Some more information can be found here: http://www.slideshare.net/DevCentralAMD/pl-4051-yaxunliu especially mapping of OpenCL C types to llvm types
So for me it seems that the necessary steps would be:
- supply julia idioms for OpenCL function like get_global_id
- http://lists.cs.uiuc.edu/pipermail/llvmdev/2012-September/053538.html
- But the same problem has to be solved for OpenCL C
- Translate Julia to SPIR (llvm IR with certain restrictions)
- Use llvm's VerifySPIR stage to ensure validity
- obtain binary by either using llvm directly or via clBuildProgram("-x spir -spir-std=1.2", ....)
- then one should be able to use the program as currently in OpenCL.jl
Notes:
- use
clang -S -x cl -fno-builtin -target spir -emit-llvm -c $filenameto obtain SPIR for a OpenCL source file.
@vchuravy the compile to OpenCL C stuff was just an experiment and clearly OpenCL's LLVM IR support is the way forward. Even if Nvidia decides not to implement SPIR, the IR subset between NVVM and SPIR is conceptually very close so both backends could share a lot of the same code. You can also use Nvidia's OpenCL drivers to run compiled PTX kernels, so the runtime component could be written using OpenCL.

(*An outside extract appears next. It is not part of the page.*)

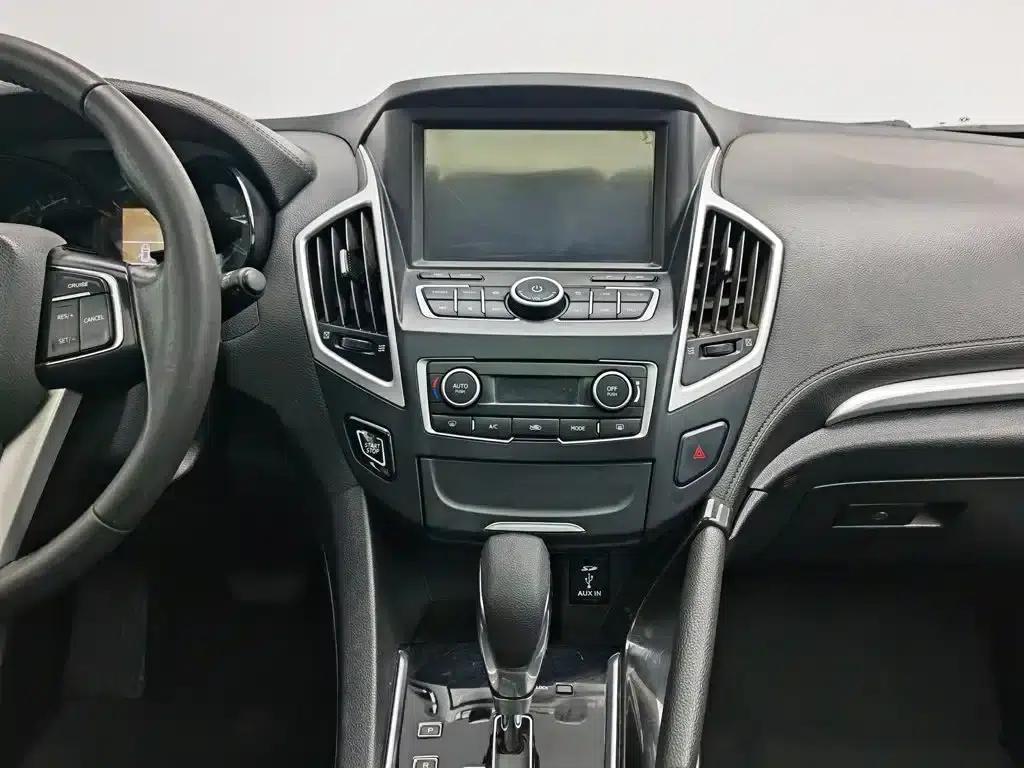 Dongfeng Fengshen AX7 2015 2.0L Automatic Smart Edition — миниатюра 12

I think the steps you outlined are correct. Julia's code generation is really intertwined with its runtime component right now, you would essentially have to rewrite a totally new backend. Other issues I see are better compiler support for intrinsics that participate in type inference, but are passed directly through to the lowered AST (skiping inlining for instance). You would also have to track heap allocation and either throw an error or preallocate buffers before kernel invocation. Julia should be getting immutable array support this summer so this could help address this issue. Julia also has some numeric behavior that deviates from C (rounding, etc) that would have to be reimplemented in the backend.
I think the major blocker in attempting this is there is no good LLVM library support for Julia at the moment. Tackling that is a fairly large project in of itself.